2.1 The Indeterminacy of Freedom and Heuristic Opportunism
What lends the system of political
freedom an often sordid and even corrupt quality, namely the opportunism
of shifting and duplicitous positions, makes it also more flexible and
representative. After all, in an adaptable political order, there is a
need for trial, error, and error elimination, demanding a kind of
responsiveness that leaves behind patterns both of apparent and real
opportunism. Introducing erratic and unpredictable conduct into politics
and thus dividing contestants, such patterns of opportunism may
eventually mark a path that brings foes together or at least allows for
pacific competition. There is a fine line between genuine opportunism,
on one hand, and political learning and experimentation, on the other.
In large measure, politics is about reconciling the irreconcilable.

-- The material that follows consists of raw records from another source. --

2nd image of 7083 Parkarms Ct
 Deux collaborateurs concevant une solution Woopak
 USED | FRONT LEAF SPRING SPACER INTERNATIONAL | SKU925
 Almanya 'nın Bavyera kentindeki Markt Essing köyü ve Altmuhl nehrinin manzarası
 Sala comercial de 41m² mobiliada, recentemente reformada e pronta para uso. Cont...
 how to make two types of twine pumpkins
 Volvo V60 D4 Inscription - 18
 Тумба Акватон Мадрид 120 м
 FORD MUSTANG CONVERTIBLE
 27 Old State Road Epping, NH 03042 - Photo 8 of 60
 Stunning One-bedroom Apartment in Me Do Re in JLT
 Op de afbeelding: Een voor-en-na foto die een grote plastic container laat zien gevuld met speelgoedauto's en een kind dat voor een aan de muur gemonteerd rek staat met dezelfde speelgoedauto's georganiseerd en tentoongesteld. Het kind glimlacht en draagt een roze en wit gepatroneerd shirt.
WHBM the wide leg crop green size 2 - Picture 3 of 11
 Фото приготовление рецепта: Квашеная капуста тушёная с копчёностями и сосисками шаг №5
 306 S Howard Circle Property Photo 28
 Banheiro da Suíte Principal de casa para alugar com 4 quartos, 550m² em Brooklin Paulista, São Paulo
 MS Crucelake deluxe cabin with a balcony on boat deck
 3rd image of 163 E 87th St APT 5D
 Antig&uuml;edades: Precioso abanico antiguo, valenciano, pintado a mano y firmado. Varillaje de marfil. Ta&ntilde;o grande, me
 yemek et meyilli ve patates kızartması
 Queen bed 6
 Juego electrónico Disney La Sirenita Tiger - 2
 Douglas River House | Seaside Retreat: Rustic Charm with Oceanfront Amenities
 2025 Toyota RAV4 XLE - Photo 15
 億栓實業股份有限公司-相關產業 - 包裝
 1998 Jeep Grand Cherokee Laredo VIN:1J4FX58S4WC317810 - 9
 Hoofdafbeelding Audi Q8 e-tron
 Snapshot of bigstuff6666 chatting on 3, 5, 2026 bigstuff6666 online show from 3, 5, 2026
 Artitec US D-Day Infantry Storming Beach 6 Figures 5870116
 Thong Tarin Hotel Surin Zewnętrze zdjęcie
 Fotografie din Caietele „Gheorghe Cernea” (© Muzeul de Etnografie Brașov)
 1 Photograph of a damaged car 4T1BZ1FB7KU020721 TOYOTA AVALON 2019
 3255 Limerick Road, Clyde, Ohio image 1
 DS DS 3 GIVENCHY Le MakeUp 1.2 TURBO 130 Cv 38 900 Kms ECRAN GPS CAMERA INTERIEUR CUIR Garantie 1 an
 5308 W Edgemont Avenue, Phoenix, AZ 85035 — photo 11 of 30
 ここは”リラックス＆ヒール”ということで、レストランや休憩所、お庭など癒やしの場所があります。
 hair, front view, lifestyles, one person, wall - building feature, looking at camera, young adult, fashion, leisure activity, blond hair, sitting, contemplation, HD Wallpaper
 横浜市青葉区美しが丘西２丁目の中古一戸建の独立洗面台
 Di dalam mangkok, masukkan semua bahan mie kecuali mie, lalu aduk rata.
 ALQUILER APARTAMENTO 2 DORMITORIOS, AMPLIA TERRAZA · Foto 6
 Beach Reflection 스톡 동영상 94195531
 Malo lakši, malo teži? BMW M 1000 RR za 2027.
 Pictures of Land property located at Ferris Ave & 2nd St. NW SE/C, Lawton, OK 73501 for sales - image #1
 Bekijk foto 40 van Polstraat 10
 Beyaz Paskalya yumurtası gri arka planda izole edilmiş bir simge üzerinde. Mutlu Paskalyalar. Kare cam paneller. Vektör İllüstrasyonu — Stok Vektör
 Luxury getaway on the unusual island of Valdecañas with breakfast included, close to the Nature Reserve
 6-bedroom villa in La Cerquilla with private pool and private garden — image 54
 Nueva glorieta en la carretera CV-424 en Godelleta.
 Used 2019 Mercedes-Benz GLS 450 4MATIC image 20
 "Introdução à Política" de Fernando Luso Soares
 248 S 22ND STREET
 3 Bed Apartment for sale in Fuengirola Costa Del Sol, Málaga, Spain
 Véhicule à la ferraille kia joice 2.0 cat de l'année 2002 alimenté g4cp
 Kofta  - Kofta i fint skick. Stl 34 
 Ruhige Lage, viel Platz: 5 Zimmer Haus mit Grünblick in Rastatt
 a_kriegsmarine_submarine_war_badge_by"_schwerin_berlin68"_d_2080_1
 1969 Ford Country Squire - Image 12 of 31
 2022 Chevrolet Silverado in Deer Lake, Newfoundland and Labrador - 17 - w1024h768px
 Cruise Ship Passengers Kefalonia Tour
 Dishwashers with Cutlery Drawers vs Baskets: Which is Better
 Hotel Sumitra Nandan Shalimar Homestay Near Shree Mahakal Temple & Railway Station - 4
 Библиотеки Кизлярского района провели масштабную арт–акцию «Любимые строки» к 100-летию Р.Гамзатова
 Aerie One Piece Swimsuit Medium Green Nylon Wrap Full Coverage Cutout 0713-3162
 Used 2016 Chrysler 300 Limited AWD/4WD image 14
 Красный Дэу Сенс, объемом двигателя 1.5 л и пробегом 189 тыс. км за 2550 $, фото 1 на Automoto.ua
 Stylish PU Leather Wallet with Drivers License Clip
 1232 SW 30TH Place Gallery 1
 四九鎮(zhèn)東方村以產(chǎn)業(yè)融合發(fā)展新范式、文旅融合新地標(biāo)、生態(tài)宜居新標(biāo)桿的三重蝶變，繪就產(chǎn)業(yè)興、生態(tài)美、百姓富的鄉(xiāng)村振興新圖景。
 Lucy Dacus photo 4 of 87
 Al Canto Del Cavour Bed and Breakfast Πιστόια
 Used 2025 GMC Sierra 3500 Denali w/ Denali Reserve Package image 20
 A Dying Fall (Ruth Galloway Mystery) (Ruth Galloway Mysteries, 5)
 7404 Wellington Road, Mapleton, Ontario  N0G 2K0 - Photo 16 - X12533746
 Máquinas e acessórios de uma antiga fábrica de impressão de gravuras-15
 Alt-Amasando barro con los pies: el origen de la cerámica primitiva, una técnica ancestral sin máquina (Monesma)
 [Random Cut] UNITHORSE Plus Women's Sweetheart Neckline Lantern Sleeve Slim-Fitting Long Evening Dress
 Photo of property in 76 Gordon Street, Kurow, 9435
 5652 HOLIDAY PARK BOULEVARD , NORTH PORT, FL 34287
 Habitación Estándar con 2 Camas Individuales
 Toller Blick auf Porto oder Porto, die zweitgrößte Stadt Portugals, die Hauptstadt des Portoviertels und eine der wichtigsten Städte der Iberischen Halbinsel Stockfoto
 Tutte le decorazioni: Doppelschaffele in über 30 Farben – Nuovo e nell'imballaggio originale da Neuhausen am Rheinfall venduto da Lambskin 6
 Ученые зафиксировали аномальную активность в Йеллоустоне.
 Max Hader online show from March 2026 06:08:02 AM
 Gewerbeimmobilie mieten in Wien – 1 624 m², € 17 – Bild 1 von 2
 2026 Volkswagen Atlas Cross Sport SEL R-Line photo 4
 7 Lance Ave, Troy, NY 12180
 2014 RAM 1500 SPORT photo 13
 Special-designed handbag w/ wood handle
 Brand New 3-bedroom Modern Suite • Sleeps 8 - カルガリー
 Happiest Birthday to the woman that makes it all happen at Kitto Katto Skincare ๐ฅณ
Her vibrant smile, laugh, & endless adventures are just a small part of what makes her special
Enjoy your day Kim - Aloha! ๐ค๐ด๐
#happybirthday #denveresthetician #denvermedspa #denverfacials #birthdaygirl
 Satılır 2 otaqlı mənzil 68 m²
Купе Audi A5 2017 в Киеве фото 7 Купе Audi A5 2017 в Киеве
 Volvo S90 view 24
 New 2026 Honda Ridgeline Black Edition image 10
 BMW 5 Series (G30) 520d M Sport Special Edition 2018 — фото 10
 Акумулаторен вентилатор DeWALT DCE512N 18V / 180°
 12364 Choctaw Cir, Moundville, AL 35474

Indeed, politics is the art of finding compromises and forms of power
sharing suitable to sustain repeated games that, in turn, produce a
durable atmosphere of effective trust.
2.2 Opportunism, Political Learning and Effective Trust
Effective trust is attained when people
act as if they trusted one another, without entering into relationships
of personal trust. Entrusting one’s political enemy with a high
political office is a case in point. Effective trust is brought about
not by personal encounters and the subsequent discovery of mutual
congeniality but rather by virtue of the constraining effects of
institutions that ensure fairness and prevent vicious and costly
retribution. Office and person become separable. The political and the
private personae are assigned distinct spheres. People cooperate
peacefully and productively in one sphere - say as employer and employee
- while being fundamentally at odds with each other in a different
sphere where they act as political partisans.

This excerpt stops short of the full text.